Watson feels like while many HIEs fail, Cal INDEX really has a shot at success. With the rise of risk-sharing models, and providers beginning to recover from their EMR investments, and the generation of significant computable clinical data, the time has come..

“Given these circumstances, we should be able to achieve a high-value, revenue-stable model. That’s why I took the job,” he says.

HIEs Look to Gain Momentum through Trade Group

Another sign that health information exchanges are banding together to achieve economy of scale and legitimacy in the healthcare industry? The formation of a new trade group exclusively for the nationwide development and strengthening of HIEs.

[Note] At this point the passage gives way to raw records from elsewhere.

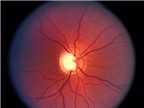 Glaucoma - căn bệnh giấu mặt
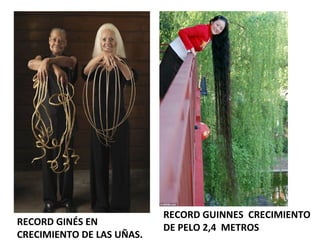 RECORD GINÉS EN
CRECIMIENTO DE LAS UÑAS.
RECORD GUINNES CRECIMIENTO
DE PELO 2,4 METROS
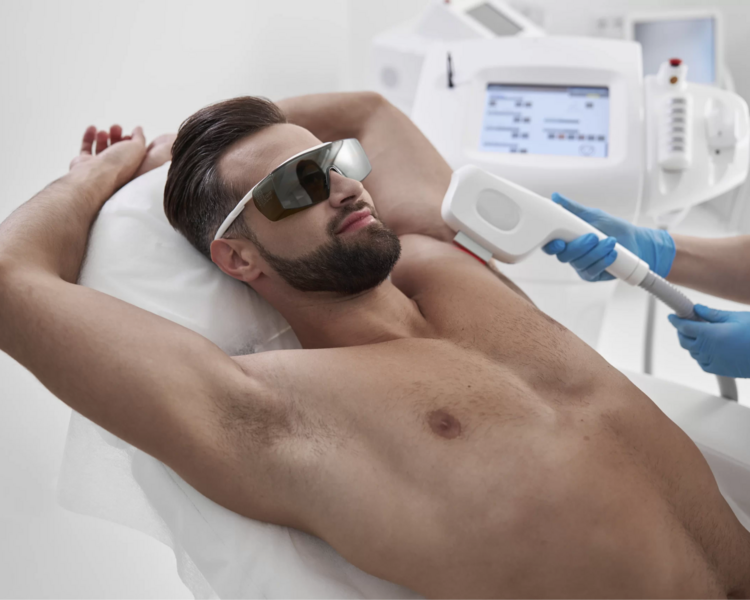 Depilacion - Axilas (30% de descuento)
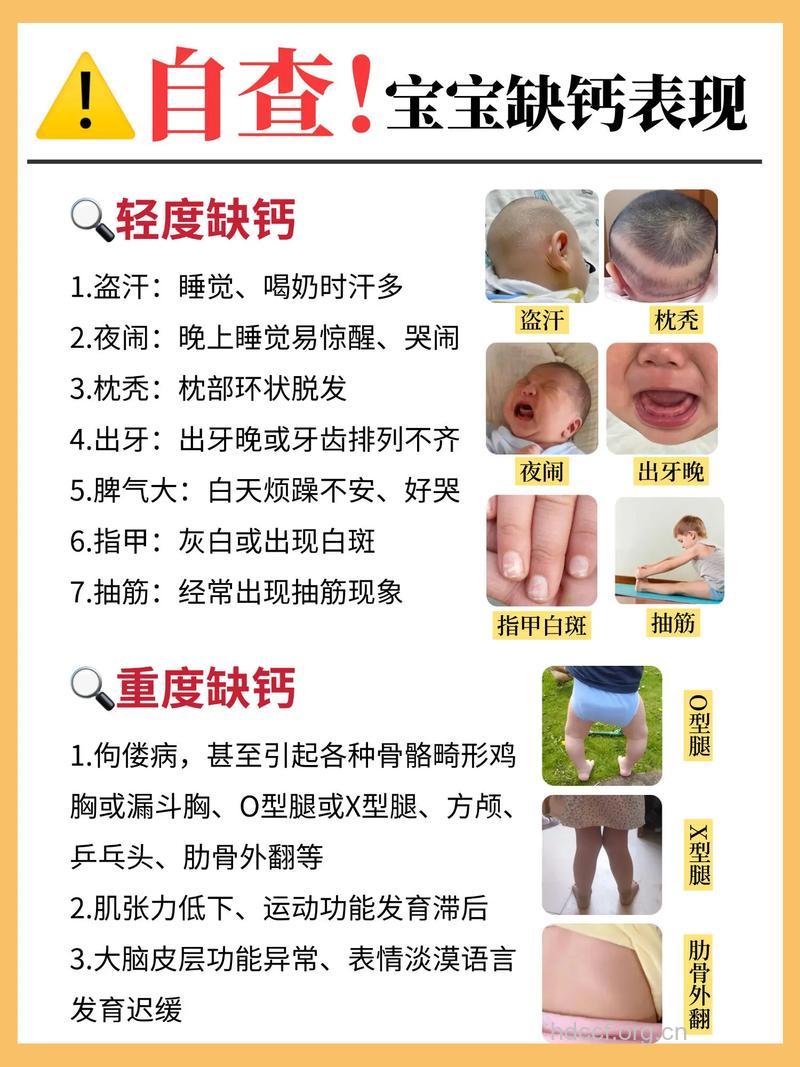 这样做可检查宝宝是否缺钙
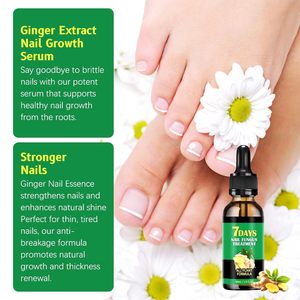 Aceite para el cuidado de las cutículas de jengibre vegetal natural de primera calidad, tratamientos de uñas a base de hierbas para fortalecer las uñas y promover el crecimiento - Product Image 4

In December 2014, more than 20 HIEs joined forces to establish a national consortium called the Strategic Health Information Exchange Collaborative (SHIEC).

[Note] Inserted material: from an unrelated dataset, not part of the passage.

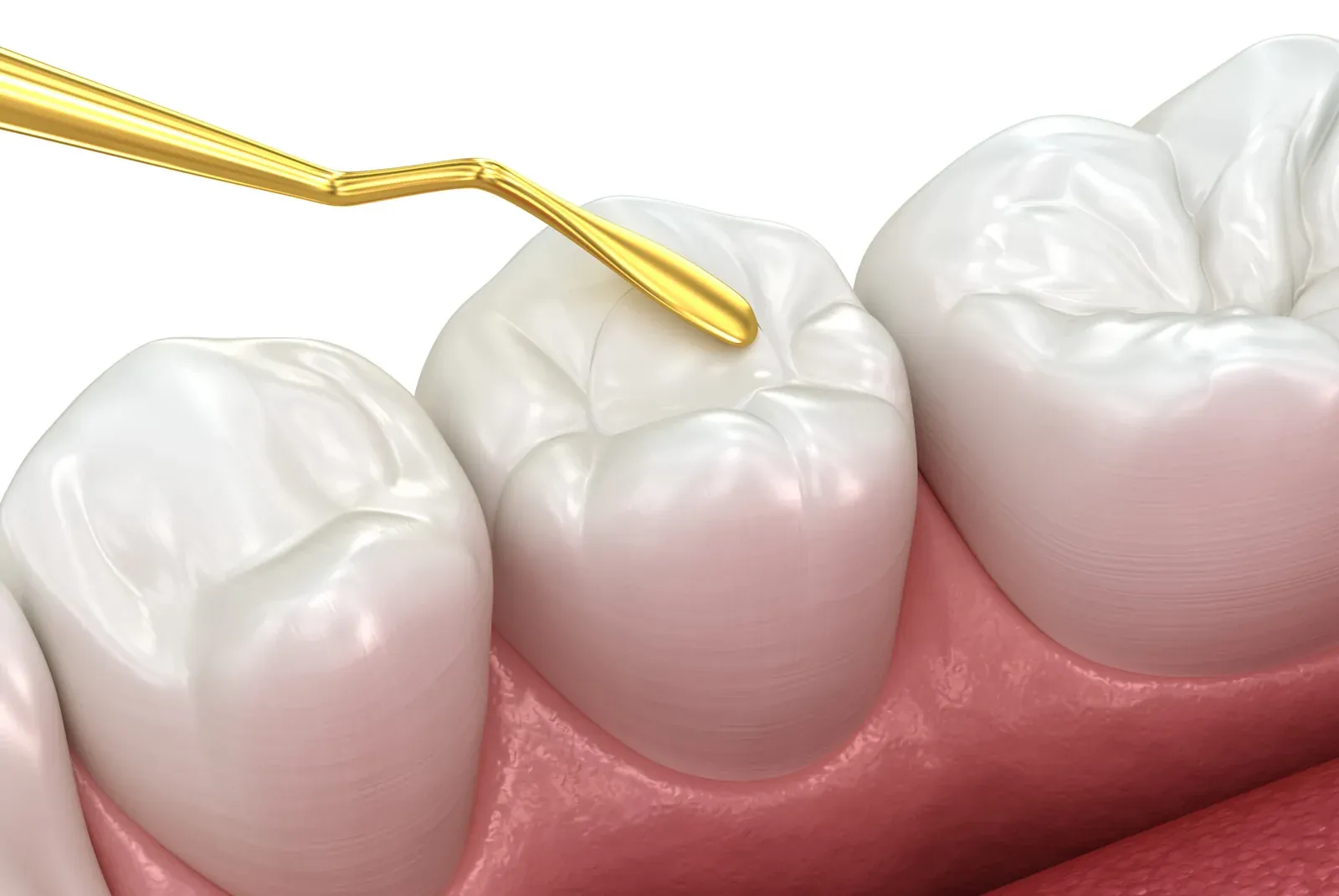 Fillings at Southeastern Dental Care in Lakeville, MA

The organization seeks to cultivate the exchange of ideas and business improvements, as well as public education and advocacy, among its members. At press time, the organization planned to name an executive director and launch a website in January.

SHIEC follows eight years of collaboration among several U.S. HIEs. Organizations that will participate in the consortium include: Quality Health Network; HealtheLINK; Healthbridge; Utah Health Information Network; Arizona Health-e Connection; NYU Longone Medical Center; and the Nebraska Health Information Initiative.

“We believe that there are valuable services that a national consortium can provide to member HIEs such as achieving economies of scale, promoting business models for the sustainability of HIEs, educating and increasing awareness of HIEs among public and private entities, providing opportunities for the establishment of joint ventures and collaborating to inform legislators and policy makers of the benefits to the communities served by our members,” says Dick Thompson, executive director of Quality Health Network.

“In addition, we would like a trade organization that speaks for HIEs exclusively and is focused solely on helping HIEs fulfill their community mission."